Юный Хайдар ревностно чтил заветы ортодоксальной веры и теперь глубоко страдал, поскольку окружил своего покровителя героическим ореолом. Он больше не выезжал вместе с падишахом и не покидал своих покоев, прикованный к постели болезнью, природа которой была как физической, так и эмоциональной. Его замечание о том, что Бабур обряжался в одежды кызылбашей, следует понимать как аллегорию в персидском вкусе, а вовсе не как сообщение о реальном факте. Бабур никогда не надевал на себя остроконечную войлочную шапку и красный плащ кызылбаша, вызывавшие такую ненависть в народе. Однако персидские военачальники, повсюду сопровождавшие его, одевались именно так.

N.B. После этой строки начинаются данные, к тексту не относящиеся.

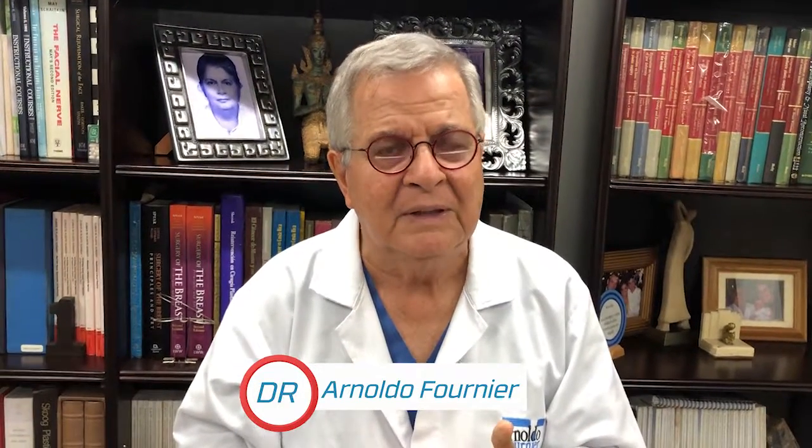Arnaldo Fournier, Clinica Americana, Costa Rica, 506 — phone number 2258-6868. Thank you very much. Have a nice day.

По всей видимости, именно эти официальные представители шаха и донесли ему о том, что Бабур ведет себя вызывающе – совсем не так, как подобает истинному вассалу.
Зимой 1511/12 года Тигр оказался на перепутье и был вынужден выбирать между политическими интересами и религиозным пылом своего народа. В свою очередь, среди населения Самарканда начали блуждать ностальгические воспоминания о периоде правления Шейбани-хана. Шейбани никогда не позволял себе путать черное и белое, Бога и Сатану. Жестокость Шейбани распространялась лишь на его политических противников, в то время как шах Исмаил запятнал себя кровью мучеников. Не был ли мучеником и сам Шейбани?
Этой зимой Тигр начал позволять себе вино и, начав, пил без всякой меры.
Весной 1512 года, когда сошел снег, Убейд-хан привел с севера перестроенную армию узбеков. Бабур выступил ему навстречу в сопровождении монголов и испытанных кабульских ветеранов. Никого из самаркандских новобранцев, судя по всему, с ним не было. В местечке под названием Царское озеро его маленькое войско потерпело поражение и было отброшено назад. У Бабура не было сил держать оборону Самарканда. (Зато был горький опыт, полученный при попытке удержать мощную крепость силами малого гарнизона.)